When you think you have reached your peak as a builder or have you reached it yet?

I don’t think I have reached my peak because I’ve kind of conceded to the fact that these things are handmade. I’m thinking, “God, there are still holes in my act and I cannot figure out how to fill them.” So I learn and I learn and I learn. I try different things and all of a sudden I figure out what is bothering me, then something else starts bothering me. Little by little I raised the bar on my own standards, but I’m sill not completely happy and I’m not sure I ever will be.

You got married a few years ago; how did you meet Deb?

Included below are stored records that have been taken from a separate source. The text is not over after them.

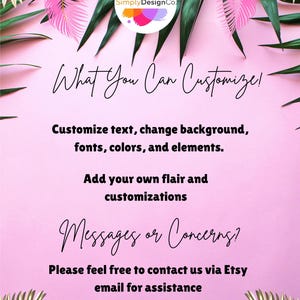 Pu&ograve; includere: Uno sfondo rosa con testo che recita "Cosa puoi personalizzare!" e dettagli sulla personalizzazione di testo, sfondo, caratteri, colori ed elementi. L'immagine include anche il logo Simply Design Co. e le informazioni di contatto tramite e-mail Etsy.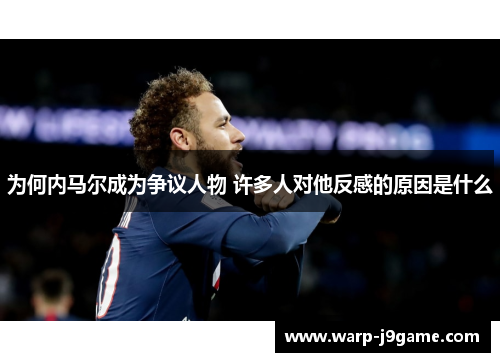 为何内马尔成为争议人物 许多人对他反感的原因是什么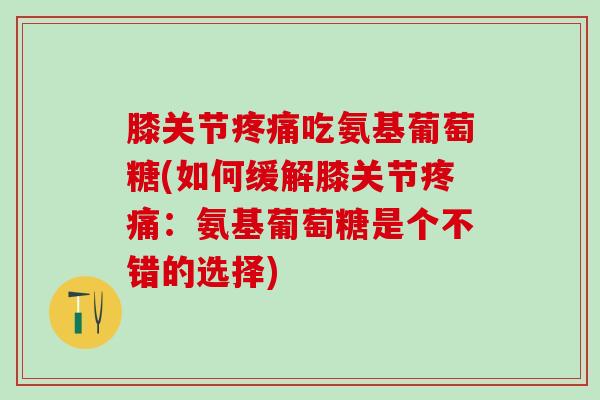 膝关节吃氨基葡萄糖(如何缓解膝关节:氨基葡萄糖是个不错的选择) 膝关节吃氨基葡萄糖(如何缓解膝关节:氨基葡萄糖是个不错的选择)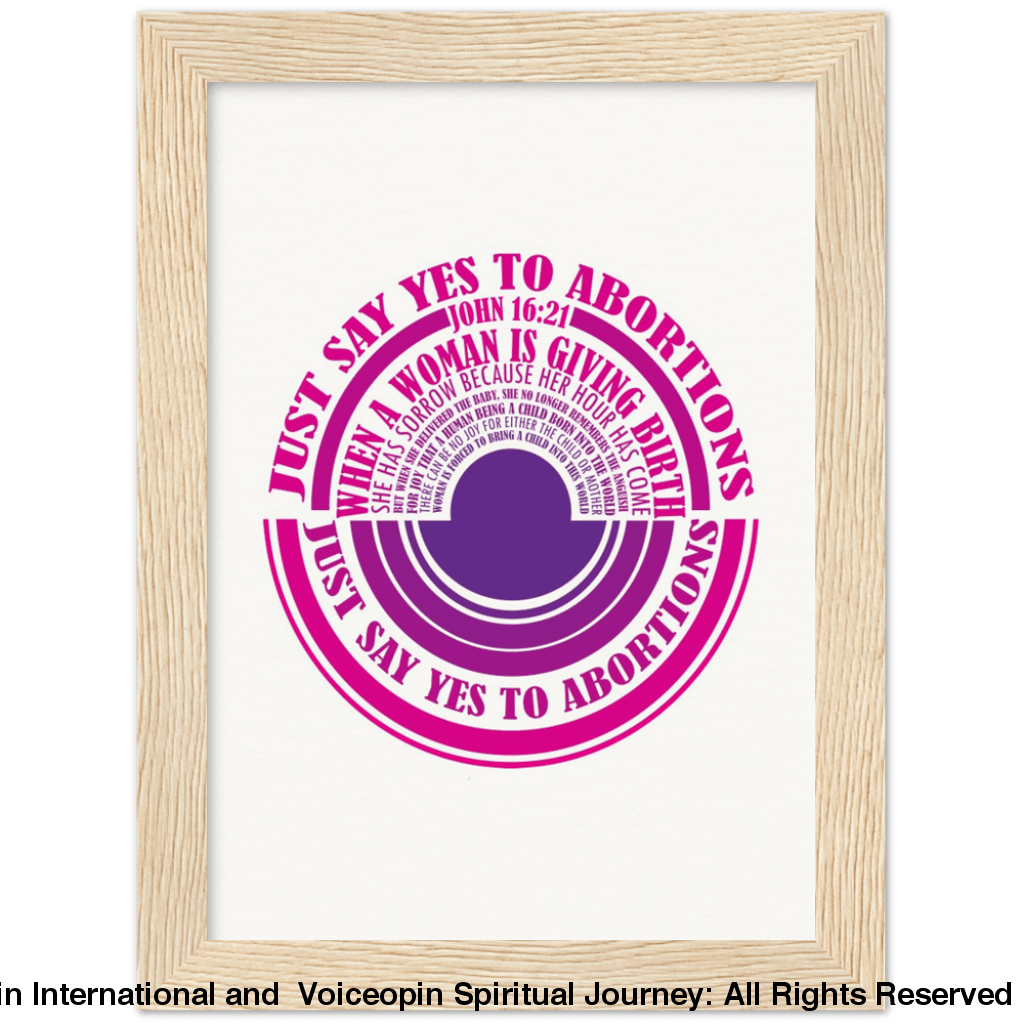 John 16: 21 Just Say Yes To Abortions Wooden Framed Poster 15X20 Cm / 6X8 Wood Print Material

I met Deb in the middle 70s and had not seen her again until the early 90’s. Remember the story I told you about Rudy Sroka? Well, a few years before that Rudy was going out with Deb in high school. So I met Deb as Rudy’s girlfriend and I had a girl friend at the time and four or six of us would go to the races and just have a good time. Things changed and everybody moved on. Rudy and Deb broke up after high school and by coincidence Deb moved into my area of Connecticut about 10 years ago. I never forgot about Deb because she is really attractive and nice. We met again in 1992, and it didn’t take long for us to acknowledge the chemistry between us. We dated, and then got married 5 or so years ago. It’s really great. She is my best friend. Deb and I often say that we share one heart. Some people consider themselves best friends or sole mates or joined at the hip. Deb and I really think that we share one heart and think that is really nice. We don’t always want to be with each other. We don’t do everything together. Sometimes we do nothing together, but we always feel like we were made to be with each other.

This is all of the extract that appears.